The House of Representatives could vote out pipeline safety legislation “as early as next week,” an official with the Interstate Natural Gas Association of America (INGAA) said Friday.

The two House committees — House Transportation and Infrastructure and House Energy and Commerce — have reached an “agreement in principle” on combining their separate pipe safety bills (HR 2845, HR 2937). But before going to House floor, the House committee leaders plan to take their deal to the Senate Commerce Committee to see if any changes are necessary. The full Senate passed its pipeline safety bill (S. 275) in October (see NGI, Oct. 24).

“It’s not certain,” but “it’s still possible to get a bill approved” before Congress adjourns for the year later this month, said Martin Edwards, INGAA’s vice president of legislative affairs.

“No. 1 [issue] on our agenda will always be pipeline safety,” said Larry Borgard, the new chairman of AGA, during a press briefing Friday at the association’s headquarters in Washington, DC. He hopes Congress will approve legislation by the end of the year and send it to the president. House Speaker John Boehner (R-OH) wants to adjourn by Dec. 15.

Borgard, who is president of Utilities of Integrys Energy Group Inc. in Chicago, noted that 10-15 years ago “we were always talking about the North Slope of Alaska.” Five years ago it was the Outer Continental Shelf, and now it’s all about shale gas.

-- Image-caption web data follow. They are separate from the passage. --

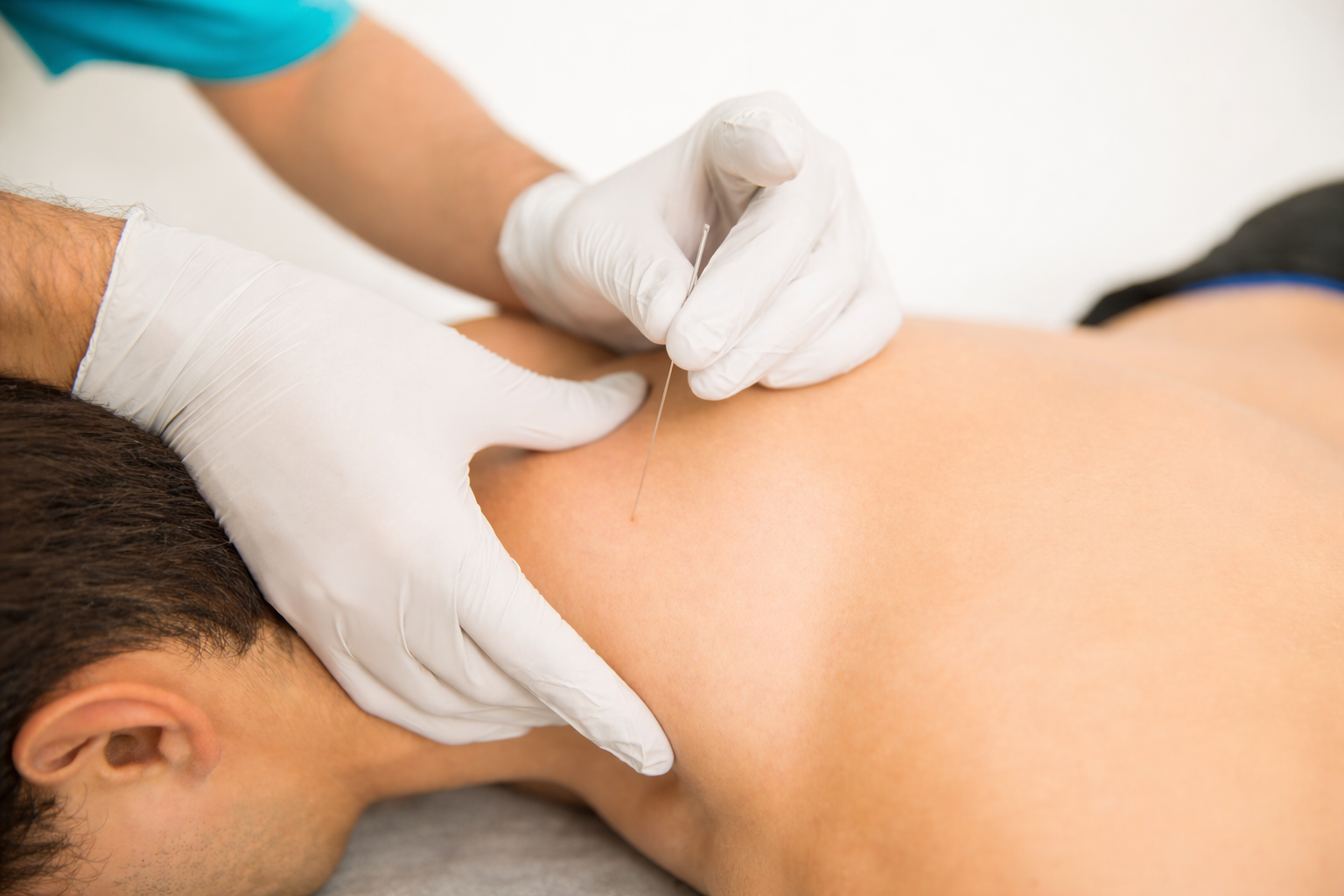 An Osteopath doing dry needling the trapezius muscle of a patient to provide relief to tight muscles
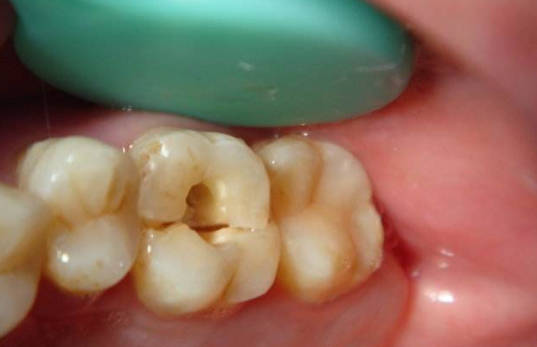 做了根管治疗的牙又开始痛了,牙做了根管治疗为啥还疼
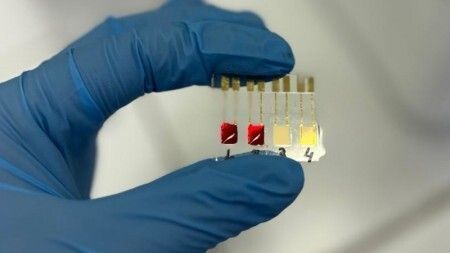 USP cria biossensor barato que identifica câncer de pâncreas rapidamente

Natural gas reserves have been estimated at 2,100 Tcf. “I don’t know what comes after trillion.”

Because of the prolific development of shale gas, “at AGA, we do no oppose the export of LNG [liquefied natural gas],” said AGA President Dave McCurdy. Its position, however, could change if LNG exports negatively impact domestic gas prices, he noted.

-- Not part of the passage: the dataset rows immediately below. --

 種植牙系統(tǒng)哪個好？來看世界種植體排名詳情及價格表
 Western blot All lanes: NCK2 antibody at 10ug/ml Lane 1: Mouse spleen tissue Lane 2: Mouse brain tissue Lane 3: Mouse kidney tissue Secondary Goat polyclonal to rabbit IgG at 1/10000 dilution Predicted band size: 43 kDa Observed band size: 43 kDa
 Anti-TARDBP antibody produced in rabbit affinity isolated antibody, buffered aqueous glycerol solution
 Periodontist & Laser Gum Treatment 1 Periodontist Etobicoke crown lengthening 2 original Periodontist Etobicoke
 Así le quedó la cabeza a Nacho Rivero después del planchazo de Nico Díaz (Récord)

Borgard is optimistic about the future of natural gas vehicles (NGV). The market will “absolutely balloon going forward,” he said (see related story).

He believes the conversion to NGVs is a compelling option for fleet owners now, but demand in the passenger market is “probably a little ways off” due to the initial costs involved. Many trucking companies “are investing lots of money in the natural gas vehicle market,” said Borgard.

Congress has taken notice of the growing interest in NGVs. In April House lawmakers introduced the NAT GAS Act to set the nation on course over the next seven years to rely on natural gas for some of the country’s transportation needs (see NGI, April 4). And in November, the Senate introduced its version of the legislation, which would expand tax credits for gas infrastructure and NGVs (see NGI, Nov. 21).

“I don’t know what the prognosis is” for these two bills in 2012, McCurdy told reporters. He noted that AGA supports the legislation, saying that from an energy security standpoint, it “makes sense.”

AGA, which represents gas distributors, has asked Congress to provide at least $3.5 billion in funding for the Low Income Home Energy Assistance Program (LIHEAP) . “We believe that a government expenditure out of a multi-trillion dollar budget of $3.5 billion to provide grants to the states to help with this [heating and air conditioning bills] is not an unreasonable request,” McCurdy said. LIHEAP was allocated $5.1 billion in fiscal year (FY) 2011. The gas industry has contributed $2 billion — on top of the requested $3.5 billion — for the program in FY 2012, he noted.

McCurdy noted that the U.S. is seeing a resurgence in ethylene cracking facilities as chemical companies, which left the country a decade ago because of high natural gas feedstock prices, are returning to build new plants and reopen mothballed facilities due to lower gas prices brought on by the boom in shale production.

“The chemical [companies], which had fled offshore in the ’90s and early 2000 because of the [high] cost of the feedstock natural gas, are coming back and they’re bringing billions of dollars…and the states are now competing to get this [cracking business],” McCurdy said (see related story).

Crackers convert ethane — a wet gas extracted from shale gas — to ethylene, a feedstock used in making plastics. In the Southwest and Marcellus Shale basins, ethane previously was flared, but now it’s a “real resource,” he noted.

The association supports state regulation of shale gas development and the accompanying hydraulic fracturing (fracking) practice, rather than federal regulation, McCurdy said. “We don’t need another layer” of federal bureaucracy, he noted. The states understand the local hydrology and geology of the shale basins better than federal regulators.

Gas distributors have learned over the years the importance of engaging local stakeholders on the issues of increased noise, truck traffic and emissions, and shale producers must do the same, McCurdy said.

While the shale industry has been put on the defensive by opponents, “none of those are going to halt production of shale in this country…This is a revolution.”